Why am I going over rhythm and meter? Do I need to prove that there’s one way to look at it, better than all others? No, I don’t; and in fact, I can’t—prosody is not a science but an art, and it’s something on which poets and scholars tend to take strong positions, so I don’t expect to convert anyone who already has a way of thinking about it that can produce poems and readings of poems that deftly use or respond to the rhythms of English. I’m one of the ones who does have a way of thinking about it, and who likes to think about it. And so I do this for my own pleasure, as well as with the hope of clarifying something that to another reader or poet has not been clear, and most of all, simply for the lucky privilege—a privilege one can seize for oneself out of the air and the language, without taking it away from anyone, and without having expected anyone to give it away—of participating, as I write these little parts of my discussion, in the life of poetry.
I begin to feel impatient, and wasteful of my own hours, when I do not participate in the life of poetry. That participation is a practice that sometimes includes working on a poem or a translation, but isn’t at all limited to this.
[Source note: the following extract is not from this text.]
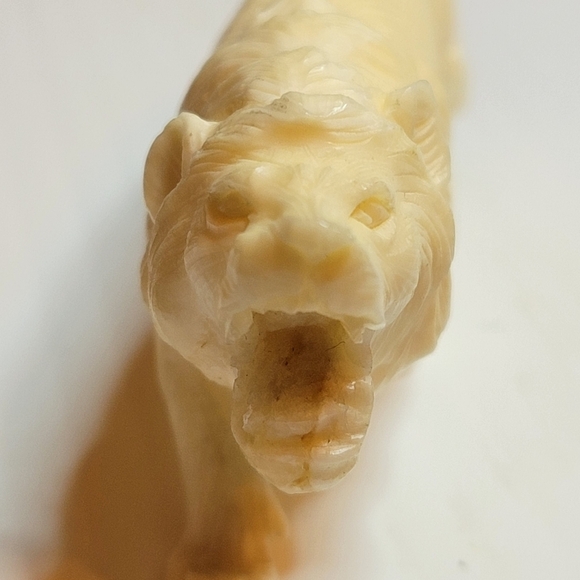Vintage Rare carved lion  body figurine statue collectors piece - Picture 2 of 8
The practice has been a long process, for me, of thinking about language, about poems, about the artistic resources in language, about what people make of poetry at different times, about how some (good and bad) poems become admired, and for what reasons, and others do not, about what “good” and “bad” mean, in such a statement as the one I just made, about the kinds of roles poets have had in their communities and cultures since as far back as we can guess (about five millennia? or, with guessing that’s entirely vague, about ten?— or twenty?).
I know that such participation in the life of poetry is not very widely seen as a very useful thing, except in its being a part of remembering the myriad elements and aspects of being human that have marked us as a species—inherently, and in comparison to other animals, and in light of what the effect of human beings has been on each other and on our planet. Only bad poetry, perhaps, minimizes the human, makes it more acceptable to a polite modern society; but also, bad behavior doesn’t necessarily make for good poetry, although it’s something that a lot of readers like to read about; nor does bad bahavior, at least in some poets, keep good poems from being written.
Our human being is a confusing and contradictory object of contemplation. But to spend time thinking about how what we have been, in all its horror and beauty, has been represented, grasped, turned, troped (and has not been) in poems, is the worthy practice I cherish. Perhaps it’s only in a country as shot through (I do not choose the metaphor at random) as ours is with the crude and desperate utilitarianism of those who have been economically excluded and even crushed, and—despite our worthy, inscribed ideals—with pretty brutal antisocial, inhumane, greedy, unethical, violent stances, in far too many with political and financial power, would what I’m arguing for have to be justified.
So that’s it. I can’t pretend I’m interested in all poetry, from the earliest to what was published in the latest issues of any half dozen literary journals. I’m not. You have (as do I, as does everyone), a right to claim and hold onto your own personal history as a reader, and work from that. (I first encountered that idea in an overheard conversation in a library in California, when I was a student; it stayed with me.) So I hold onto my history as a reader, and I keep opening up new chapters in it as I go.
With the blessing of some time in which to do so, I have been reading Gerard Manley Hopkins from beginning to end, over the last week—poems, some diary entries, some letters, a little commentary by those who have studied his work. I expect to look at him in one of these posts, although I’m not ready to do so yet. And to use him in another essay I’m writing, about poetry and etymology (not for this blog). I haven’t felt much more for his work, over the years, than admiration of a few of his great poems, as poems, and more generally for his intense seriousness in trying to re-conceive how to use the rhythms of English, in the second part of his career, beginning with “The Wreck of the Deutschland.” I don’t think I myself will ever write anything that is indebted to his poems; I never have, yet; and I don’t think I can admire the wreck of his psyche that submerged him in depression, but even earlier, in what seems to me an intransigent impulse, after a certain point, to be subjected, to be controlled, restricted, denied (and in this way sustained, held steady). His self-abnegation as a poet and a person is striking; his self-condemnation sad. I want to state emphatically that my immersion in his work for several days has been exhilarating for me not because his poetry is a “triumph” over all that, nor of course because his poetry succumbed to all that. His sheer stamina is inspiring. He seems to have believed that if only he could write the poems he wanted to write, he would have accomplished something that was worthy of himself and of the God in whom he believed. Yet what he did accomplish in his strange, utterly individual way was remarkable in the handful of poems that seem to me likely to be remembered for as long as there are readers. All of that, from beginning to end, was his (fitful) participation in the life of poetry; and because poetry is an art, in the modern world, of the page that preserves poems and more, I am able to go with him a little of his way. I’m sure I fail to understand as much as I should about him and about his poems and even (or especially) about his poetic technique. My trying to understand has been over the last week my participation in the life of poetry.
Amidst the continually unfolding catastrophes and suffering in all the world, I try to take heart—as one of my most inspiring friends did, when he was alive—in holding a little of the whole history of us in mind, and choosing from the riches and devastations of that history some poems and poets worth remembering and sustaining in our collective memory.